Glasshouse - Charles Stross [3]
But the postexcision rages aren’t my only irritant. In addition to memory edits, I opted to have my age reset. Being postadolescent again brings its own dynamic of hormonal torment. It makes me pace my apartment restlessly, drives me to stand in the white cube of the hygiene suite and draw blades down the insides of my arms, curious to see the bright rosy blood welling up. Sex has acquired an obsessive importance I’d almost forgotten. The urges to sex and violence are curiously hard to fight off when you awaken drained and empty and unable to remember who you used to be, but they’re a lot less fun, the second or third time through the cycle of rejuvenation.
“Listen, don’t look round, but you probably ought to know that someone is about to—”
Before I can finish the sentence, Blondie leans over Kay’s shoulder and spits in my face. “I demand satisfaction.” She has a voice like a diamond drill.
“Why?” I ask stonily, heart thumping with tension as I wipe my cheek. I can feel the rage building, but I force myself to keep it under control.
“You exist.”
There’s a certain type of look some postrehab cases get while they’re in the psychopathic dissociative stage, still reknitting the raveled threads of their personality and memories into a new identity. The insensate anger at the world, the existential hate—often directed at their previously whole self for putting them into this world, naked and stripped of memories—generates its own dynamic. Wild black-eyed hatred and the perfect musculature of the optimized phenotype combine to lend Blondie an intimidating, almost primal presence. Nevertheless, she’s got enough self-control to issue a challenge before she attacks.

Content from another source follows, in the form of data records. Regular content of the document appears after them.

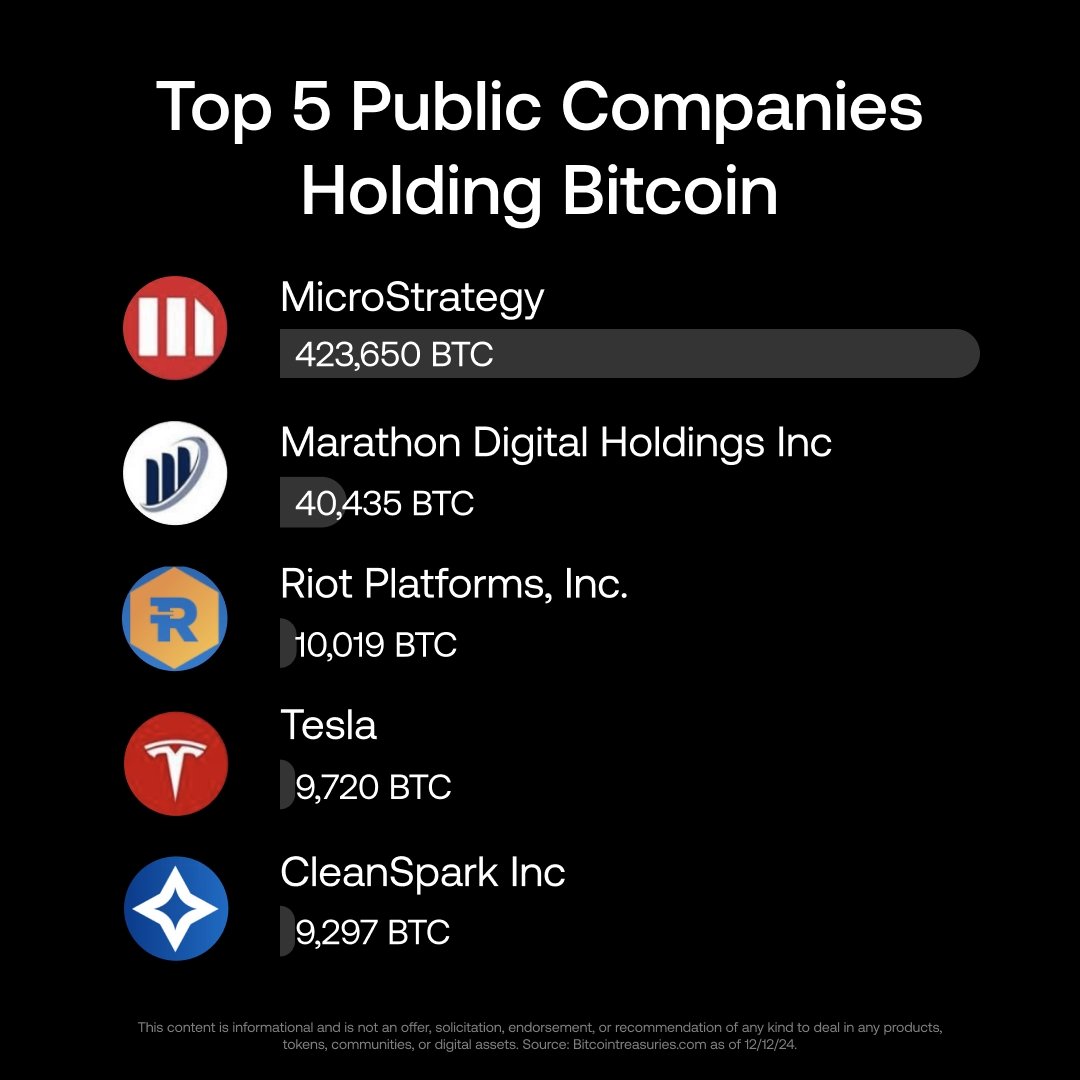 raven_defi's tweet photo. Bitcoin’s leaderboard: These companies believe in BTC bigtime.

Get ready for a seamless, decentralized derivatives trading experience! 💥

#RavenProtocol #Blockchain #Scalability #DeFi #Crypto https://t.co/DKG7Y5rbpN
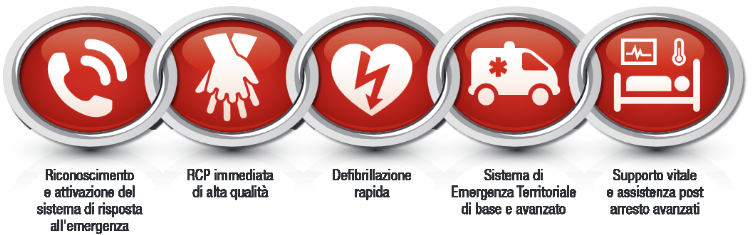 catena-della-sopravvivenza-ohca-2015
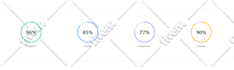 build ai visibility score to rank website in chatgpt, gemini with GEO aeo SEO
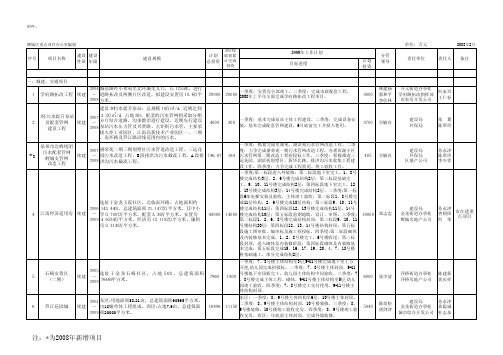 鲤城区2008年重点建设项目(28个)责任分解表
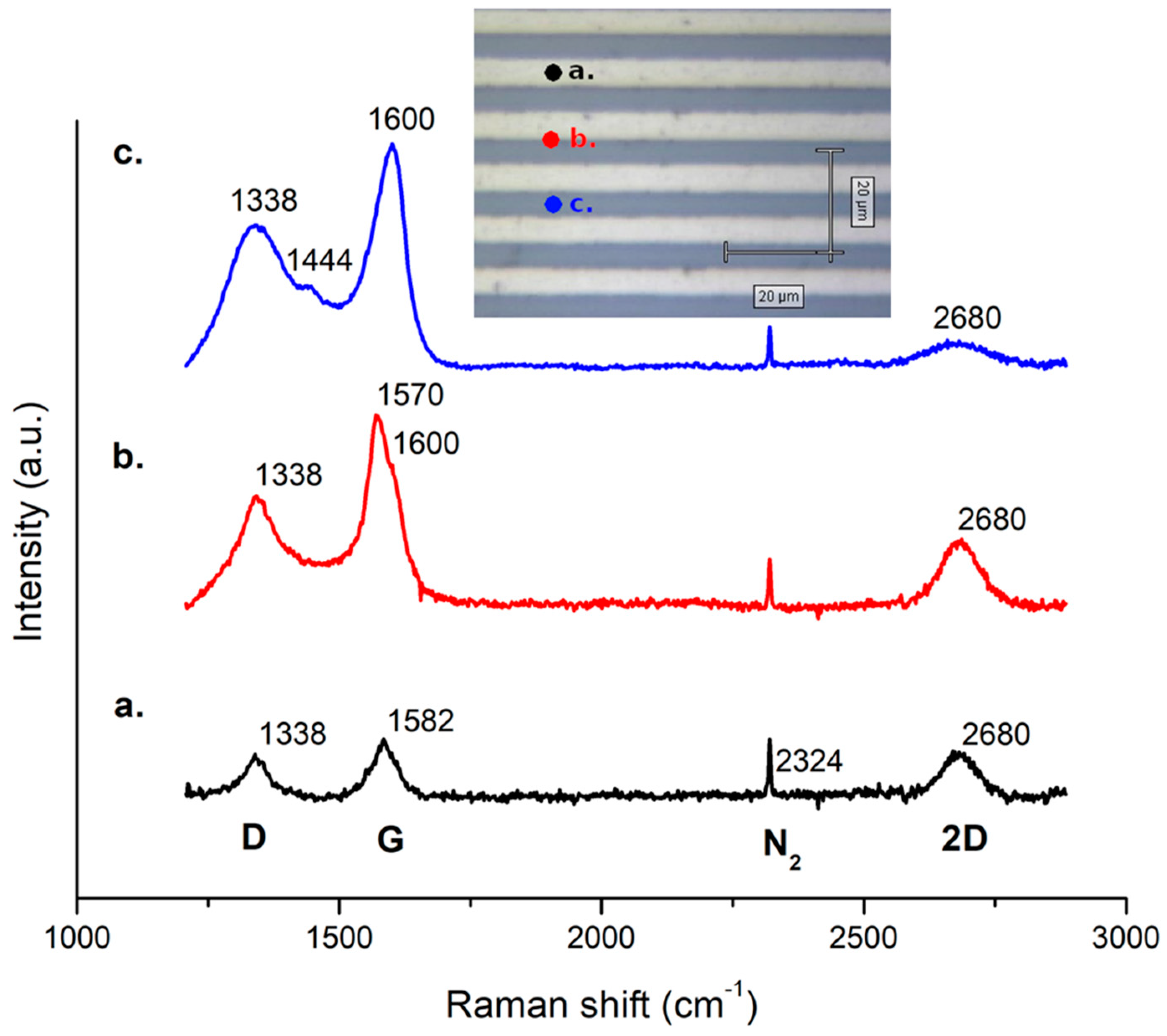 Micromachines 10 00426 g007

Kay, shy and much further advanced in recovery than either of us, cowers in her seat as Blondie glares at me. That annoys me—Blondie’s got no call to intimidate bystanders. And maybe I’m not as out of control as I feel.
“In that case”—I slowly stand up, not breaking eye contact for a moment—“how about we take this to the remilitarized zone? First death rules?”
“Yes,” she hisses.
I glance at Kay. “Nice talking to you. Order me another drink? I’ll be right back.” I can feel her eyes on my back as I follow Blondie to the gate to the RMZ. Which is right beside the bar.
Blondie pauses on the threshold. “After you,” she says.
“Au contraire. Challenger goes first.”
She glares at me one more time, clearly furious, then strides into the T-gate and blinks out. I wipe my right palm on my leather kilt, grip the hilt of my sword, draw, and leap through the point-to-point wormhole.
Dueling etiquette calls for the challenger to clear the gate by a good ten paces, but Blondie isn’t in a good mood, and it’s a very good thing that I’m on the defensive and ready to parry as I go through because she’s waiting, ready to shove her sword through my abdomen on the spot.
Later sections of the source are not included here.